What is expected: Please transcribe exactly the line that holds "Elegant Fabric Extended Bed 3D model image 1" and all lines that follow it to the end of the records below, omitting any pictures.

Pictures with short captions:
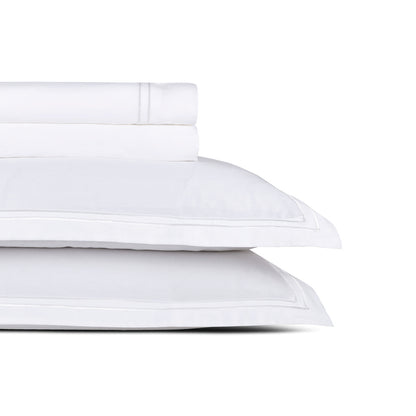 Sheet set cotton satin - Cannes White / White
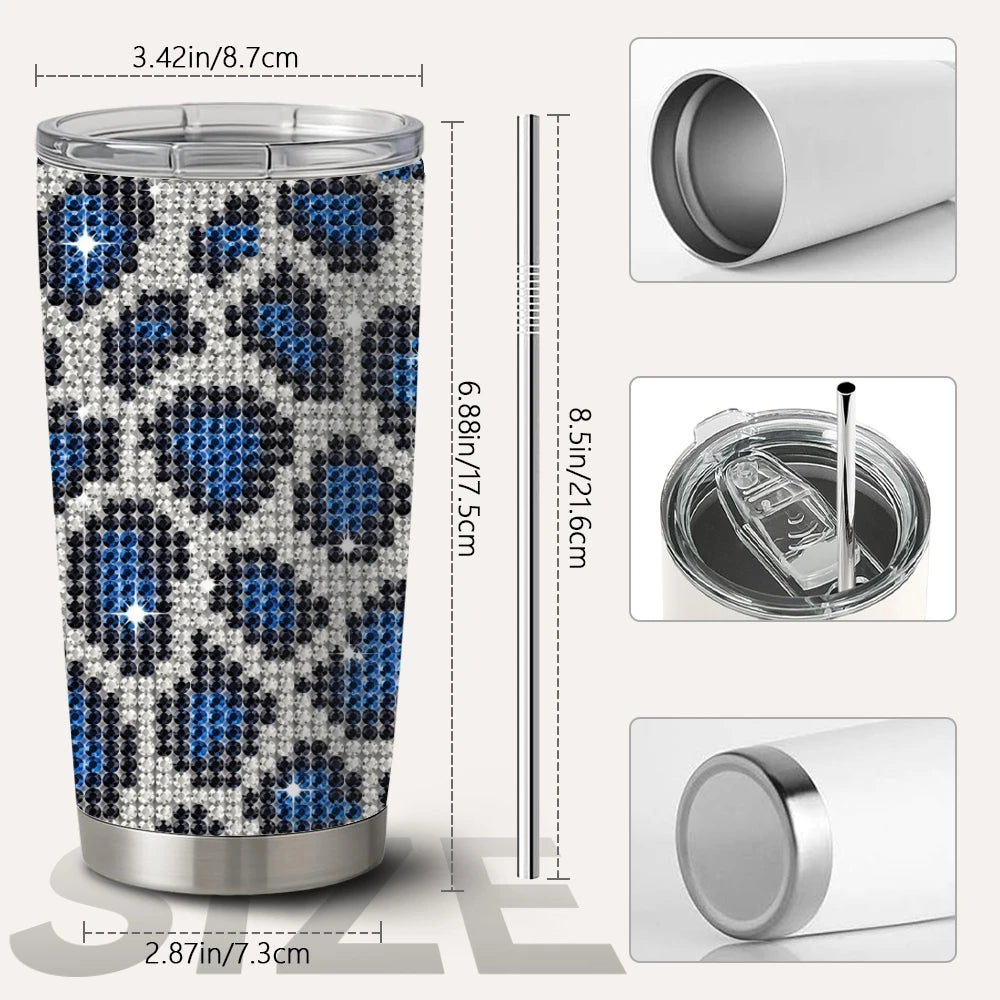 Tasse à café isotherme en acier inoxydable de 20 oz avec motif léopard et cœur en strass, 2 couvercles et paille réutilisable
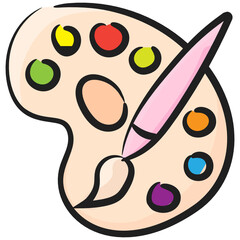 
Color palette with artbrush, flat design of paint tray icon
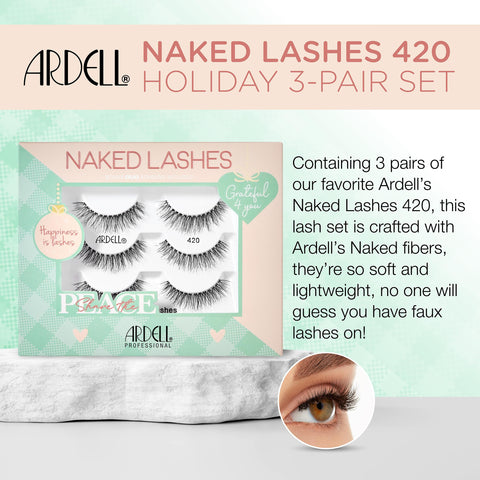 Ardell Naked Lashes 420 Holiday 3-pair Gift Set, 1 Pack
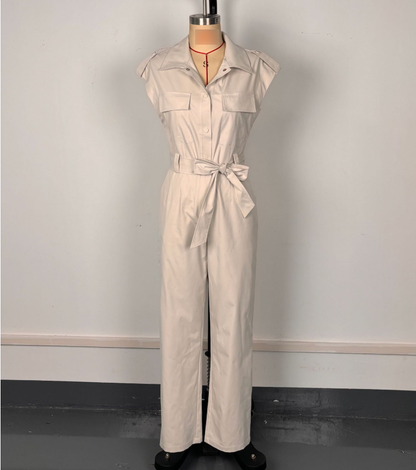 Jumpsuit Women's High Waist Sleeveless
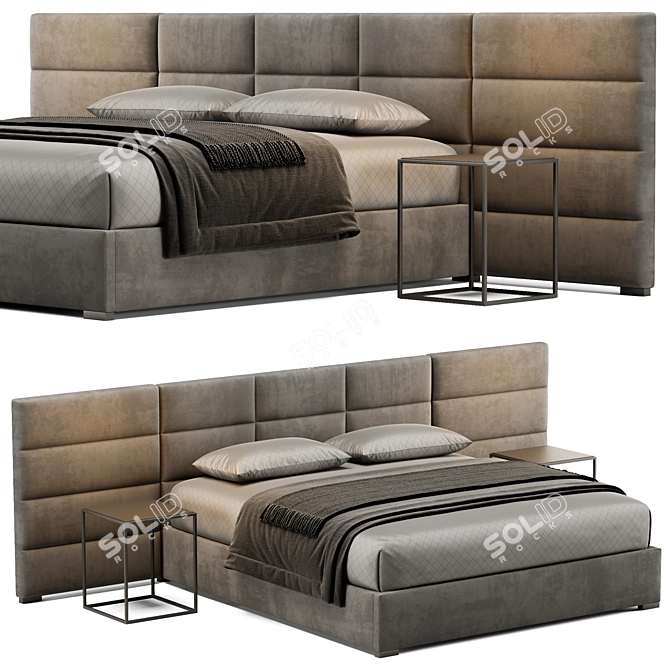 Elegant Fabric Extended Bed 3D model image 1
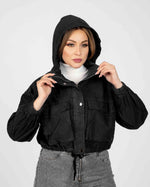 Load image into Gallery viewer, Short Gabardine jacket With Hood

Answer for this exercise:
 Elegant Fabric Extended Bed 3D model image 1
 Load image into Gallery viewer, Short Gabardine jacket With Hood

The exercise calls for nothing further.